══ Records shown ══

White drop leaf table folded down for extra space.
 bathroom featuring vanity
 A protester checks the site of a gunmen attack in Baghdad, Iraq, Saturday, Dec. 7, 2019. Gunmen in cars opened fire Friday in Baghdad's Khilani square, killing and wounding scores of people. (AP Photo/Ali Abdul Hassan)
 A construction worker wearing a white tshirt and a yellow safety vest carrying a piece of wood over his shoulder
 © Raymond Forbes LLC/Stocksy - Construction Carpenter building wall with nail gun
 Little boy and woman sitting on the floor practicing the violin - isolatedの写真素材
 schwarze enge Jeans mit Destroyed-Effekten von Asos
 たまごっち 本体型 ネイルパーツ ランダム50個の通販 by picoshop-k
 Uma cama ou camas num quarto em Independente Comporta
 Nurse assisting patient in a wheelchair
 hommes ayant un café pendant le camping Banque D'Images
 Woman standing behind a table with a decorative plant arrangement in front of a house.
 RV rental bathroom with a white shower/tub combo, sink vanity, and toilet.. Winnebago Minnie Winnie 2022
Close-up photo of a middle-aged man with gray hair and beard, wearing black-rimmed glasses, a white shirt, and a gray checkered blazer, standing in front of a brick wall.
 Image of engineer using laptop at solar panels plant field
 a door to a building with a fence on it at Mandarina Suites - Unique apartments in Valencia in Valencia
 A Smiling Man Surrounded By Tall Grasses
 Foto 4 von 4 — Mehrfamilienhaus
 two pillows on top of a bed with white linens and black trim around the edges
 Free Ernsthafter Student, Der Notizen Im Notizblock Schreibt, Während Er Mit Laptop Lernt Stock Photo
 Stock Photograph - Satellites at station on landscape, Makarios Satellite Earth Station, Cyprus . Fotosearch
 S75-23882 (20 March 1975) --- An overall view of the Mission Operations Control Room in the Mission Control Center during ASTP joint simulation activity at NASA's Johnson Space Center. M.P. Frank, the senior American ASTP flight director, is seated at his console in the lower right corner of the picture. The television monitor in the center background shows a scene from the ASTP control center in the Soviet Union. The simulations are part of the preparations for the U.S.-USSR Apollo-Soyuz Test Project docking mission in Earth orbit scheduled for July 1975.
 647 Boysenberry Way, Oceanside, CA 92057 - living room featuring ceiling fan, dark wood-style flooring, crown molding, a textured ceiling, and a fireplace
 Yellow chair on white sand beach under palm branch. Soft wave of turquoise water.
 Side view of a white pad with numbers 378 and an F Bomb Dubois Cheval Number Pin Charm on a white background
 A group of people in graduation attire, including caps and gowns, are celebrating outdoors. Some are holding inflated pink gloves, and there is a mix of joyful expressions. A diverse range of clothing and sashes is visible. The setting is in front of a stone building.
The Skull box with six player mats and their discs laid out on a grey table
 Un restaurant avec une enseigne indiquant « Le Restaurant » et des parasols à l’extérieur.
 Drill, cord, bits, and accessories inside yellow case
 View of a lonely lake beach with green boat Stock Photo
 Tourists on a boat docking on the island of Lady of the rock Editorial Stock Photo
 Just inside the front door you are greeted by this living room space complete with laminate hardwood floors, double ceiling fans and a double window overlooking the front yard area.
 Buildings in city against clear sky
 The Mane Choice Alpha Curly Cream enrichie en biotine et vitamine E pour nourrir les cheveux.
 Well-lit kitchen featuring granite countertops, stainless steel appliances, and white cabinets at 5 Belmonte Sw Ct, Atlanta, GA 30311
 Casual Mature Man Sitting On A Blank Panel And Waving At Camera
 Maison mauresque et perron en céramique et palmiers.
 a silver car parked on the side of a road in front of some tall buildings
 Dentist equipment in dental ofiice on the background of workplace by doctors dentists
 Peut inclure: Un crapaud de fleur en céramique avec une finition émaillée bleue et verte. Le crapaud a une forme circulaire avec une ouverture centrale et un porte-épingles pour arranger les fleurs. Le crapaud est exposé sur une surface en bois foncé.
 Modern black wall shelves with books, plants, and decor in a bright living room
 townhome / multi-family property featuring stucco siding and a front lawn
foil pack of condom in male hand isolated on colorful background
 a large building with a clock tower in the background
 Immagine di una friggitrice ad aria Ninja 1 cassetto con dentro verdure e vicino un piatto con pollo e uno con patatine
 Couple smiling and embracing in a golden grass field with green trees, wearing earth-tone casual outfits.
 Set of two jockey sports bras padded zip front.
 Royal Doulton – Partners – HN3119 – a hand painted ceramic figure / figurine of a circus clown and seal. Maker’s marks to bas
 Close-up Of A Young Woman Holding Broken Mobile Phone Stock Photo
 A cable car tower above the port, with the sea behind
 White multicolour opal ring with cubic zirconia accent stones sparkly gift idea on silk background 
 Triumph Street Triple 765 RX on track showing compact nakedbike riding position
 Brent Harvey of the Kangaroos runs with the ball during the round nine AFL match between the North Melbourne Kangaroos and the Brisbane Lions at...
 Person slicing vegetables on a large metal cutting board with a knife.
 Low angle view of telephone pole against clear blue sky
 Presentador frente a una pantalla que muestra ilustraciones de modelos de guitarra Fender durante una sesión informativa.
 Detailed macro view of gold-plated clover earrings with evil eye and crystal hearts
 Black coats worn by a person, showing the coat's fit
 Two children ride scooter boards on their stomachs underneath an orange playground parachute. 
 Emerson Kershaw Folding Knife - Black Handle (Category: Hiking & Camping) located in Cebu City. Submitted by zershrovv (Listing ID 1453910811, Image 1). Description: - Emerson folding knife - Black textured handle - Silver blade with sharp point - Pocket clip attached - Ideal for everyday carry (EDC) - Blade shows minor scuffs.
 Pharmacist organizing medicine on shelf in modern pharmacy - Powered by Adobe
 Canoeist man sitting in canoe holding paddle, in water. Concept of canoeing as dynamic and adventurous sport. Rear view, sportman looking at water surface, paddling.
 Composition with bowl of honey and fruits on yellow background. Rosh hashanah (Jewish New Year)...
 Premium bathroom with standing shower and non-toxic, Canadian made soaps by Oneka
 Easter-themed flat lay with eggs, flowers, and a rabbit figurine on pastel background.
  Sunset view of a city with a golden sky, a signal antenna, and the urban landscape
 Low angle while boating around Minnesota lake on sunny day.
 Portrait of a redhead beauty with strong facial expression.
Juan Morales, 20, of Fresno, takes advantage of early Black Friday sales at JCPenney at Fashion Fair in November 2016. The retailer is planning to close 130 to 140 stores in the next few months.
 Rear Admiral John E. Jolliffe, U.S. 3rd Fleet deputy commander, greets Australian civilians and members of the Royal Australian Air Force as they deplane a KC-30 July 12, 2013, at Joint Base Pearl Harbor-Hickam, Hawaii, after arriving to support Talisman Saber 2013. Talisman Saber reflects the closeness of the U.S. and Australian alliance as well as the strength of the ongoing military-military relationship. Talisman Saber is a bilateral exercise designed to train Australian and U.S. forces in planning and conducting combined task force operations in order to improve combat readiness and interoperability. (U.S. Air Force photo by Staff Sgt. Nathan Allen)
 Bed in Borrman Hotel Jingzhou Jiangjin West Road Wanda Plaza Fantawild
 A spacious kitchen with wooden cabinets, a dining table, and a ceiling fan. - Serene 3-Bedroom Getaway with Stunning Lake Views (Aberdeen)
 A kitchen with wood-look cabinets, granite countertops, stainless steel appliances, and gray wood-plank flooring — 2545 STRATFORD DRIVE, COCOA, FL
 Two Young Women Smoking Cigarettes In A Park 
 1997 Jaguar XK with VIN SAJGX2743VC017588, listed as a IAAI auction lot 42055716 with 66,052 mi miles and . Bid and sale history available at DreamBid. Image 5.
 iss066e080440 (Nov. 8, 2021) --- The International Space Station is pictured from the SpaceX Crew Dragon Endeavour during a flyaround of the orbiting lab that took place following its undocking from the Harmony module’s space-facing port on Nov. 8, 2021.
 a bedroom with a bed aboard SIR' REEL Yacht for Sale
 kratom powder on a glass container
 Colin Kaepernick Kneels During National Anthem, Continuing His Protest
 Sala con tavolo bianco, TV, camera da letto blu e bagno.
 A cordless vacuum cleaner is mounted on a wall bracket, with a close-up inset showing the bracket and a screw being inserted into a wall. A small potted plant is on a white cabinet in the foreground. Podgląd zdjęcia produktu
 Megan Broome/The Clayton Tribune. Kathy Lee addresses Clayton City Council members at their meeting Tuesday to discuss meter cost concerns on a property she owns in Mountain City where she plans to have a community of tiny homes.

═══

» **Problem to work on**
Copy out only the lines above from the one with "Low angle view" to the one with "Two children ride", inclusive, exactly as they stand.

» **Exercise answer**
 Low angle view of telephone pole against clear blue sky
 Presentador frente a una pantalla que muestra ilustraciones de modelos de guitarra Fender durante una sesión informativa.
 Detailed macro view of gold-plated clover earrings with evil eye and crystal hearts
 Black coats worn by a person, showing the coat's fit
 Two children ride scooter boards on their stomachs underneath an orange playground parachute. 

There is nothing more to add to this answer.